Two days before Christmas, an appellate court in New Jersey gave one Garden state mother the best possible gift; a panel headed by Honorable Carmen Alvarez ruled that not only were verbal admissions about possible cannabis use insufficient evidence for an emergency removal order of an infant child but that the state failed to provide any evidence that simply using cannabis constituted child abuse or neglect. While at first glance, this simply appears to be a case of the courts using common sense, in reality it is a major departure from the common practices of the family court system that have existed for decades.

The unnamed 18-year-old mother (R.W.), who became the defendant in this case, was arrested for a violation of her parole in March of 2011. Shortly thereafter, she and her daughter were placed in the state’s Capable Adolescent Mothers (CAM) Program. R.W. naively believed that speaking honestly with the CAM worker was the best way to handle the situation, and she allegedly admitted to cannabis use while caring for her daughter. This was passed along the chain of command, and an emergency order for R.W.’s daughter’s removal was issued.

That story is one that plays out regularly across the nation. Because there are no national reporting requirements for child welfare agencies, it is impossible to know exactly how many children are removed from parental custody solely for cannabis, but anecdotal information indicates that they represent a not insignificant percentage of children removed from their homes. Thankfully, in this case, R.W. decided she was going to fight for her daughter. Even more thankfully, her appeal landed in front of a reasonable panel.

Judge Alvarez and the appellate panel decided, after reviewing the case, that a CAM worker’s verbal testimony to a superior about R.W.’s alleged cannabis confession should not have been admissible, as the original judge would not be able to assess the trustworthiness of this statement as anything other than hearsay. Moreover, they ruled that simply violating parole, an act which could leave R.W.’s daughter without parental care if R.W. was incarcerated, was not an act of abuse or neglect.

Most importantly, the review panel also ruled that using cannabis while caring for a child does not inherently create a situation where the child is in imminent danger and needs to be removed from parental custody. They indicated that the state failed to provide any documentation that cannabis use by parents has a deleterious effect on children in their custody.

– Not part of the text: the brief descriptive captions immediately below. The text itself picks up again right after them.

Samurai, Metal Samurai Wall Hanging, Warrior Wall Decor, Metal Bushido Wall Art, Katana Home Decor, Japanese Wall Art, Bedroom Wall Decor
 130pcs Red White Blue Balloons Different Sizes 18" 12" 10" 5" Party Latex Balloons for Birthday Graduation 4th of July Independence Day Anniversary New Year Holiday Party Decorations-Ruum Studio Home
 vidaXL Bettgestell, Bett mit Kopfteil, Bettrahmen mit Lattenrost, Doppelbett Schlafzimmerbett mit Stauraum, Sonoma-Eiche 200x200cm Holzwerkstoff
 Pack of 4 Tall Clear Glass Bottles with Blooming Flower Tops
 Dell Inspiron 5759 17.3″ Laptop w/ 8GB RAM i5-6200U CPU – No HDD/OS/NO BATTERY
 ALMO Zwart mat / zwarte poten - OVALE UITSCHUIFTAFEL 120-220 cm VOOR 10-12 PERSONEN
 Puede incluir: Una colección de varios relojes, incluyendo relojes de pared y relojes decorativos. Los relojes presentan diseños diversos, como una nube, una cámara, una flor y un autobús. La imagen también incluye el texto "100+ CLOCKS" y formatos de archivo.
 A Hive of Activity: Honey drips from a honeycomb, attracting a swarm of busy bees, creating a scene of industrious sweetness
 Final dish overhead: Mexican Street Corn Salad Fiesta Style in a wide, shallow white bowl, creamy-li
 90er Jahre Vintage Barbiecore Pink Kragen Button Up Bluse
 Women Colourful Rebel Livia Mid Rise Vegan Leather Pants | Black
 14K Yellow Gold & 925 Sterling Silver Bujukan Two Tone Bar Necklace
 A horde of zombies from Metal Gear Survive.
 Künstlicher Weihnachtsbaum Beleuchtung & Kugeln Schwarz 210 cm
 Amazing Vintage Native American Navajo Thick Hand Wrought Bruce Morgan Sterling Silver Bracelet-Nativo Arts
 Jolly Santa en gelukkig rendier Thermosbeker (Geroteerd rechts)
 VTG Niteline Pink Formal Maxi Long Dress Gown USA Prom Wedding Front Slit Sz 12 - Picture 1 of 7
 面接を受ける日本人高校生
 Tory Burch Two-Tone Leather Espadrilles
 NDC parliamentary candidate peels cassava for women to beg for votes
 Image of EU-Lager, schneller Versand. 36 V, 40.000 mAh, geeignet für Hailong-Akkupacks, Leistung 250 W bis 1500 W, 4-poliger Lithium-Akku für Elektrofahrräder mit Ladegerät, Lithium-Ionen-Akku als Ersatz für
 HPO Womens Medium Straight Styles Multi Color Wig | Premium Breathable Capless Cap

While this is only one specific case and will not impact the broader practice of enforcing cannabis prohibition at the criminal and family court levels, it certainly sets a positive precedent for otherwise excellent and loving parents caught up in the legal system over their cannabis use. Hopefully, this decision will impact how lower courts in New Jersey process custody issues involving cannabis, and hopefully that rational policy will influence judges and lawmakers in other states as well.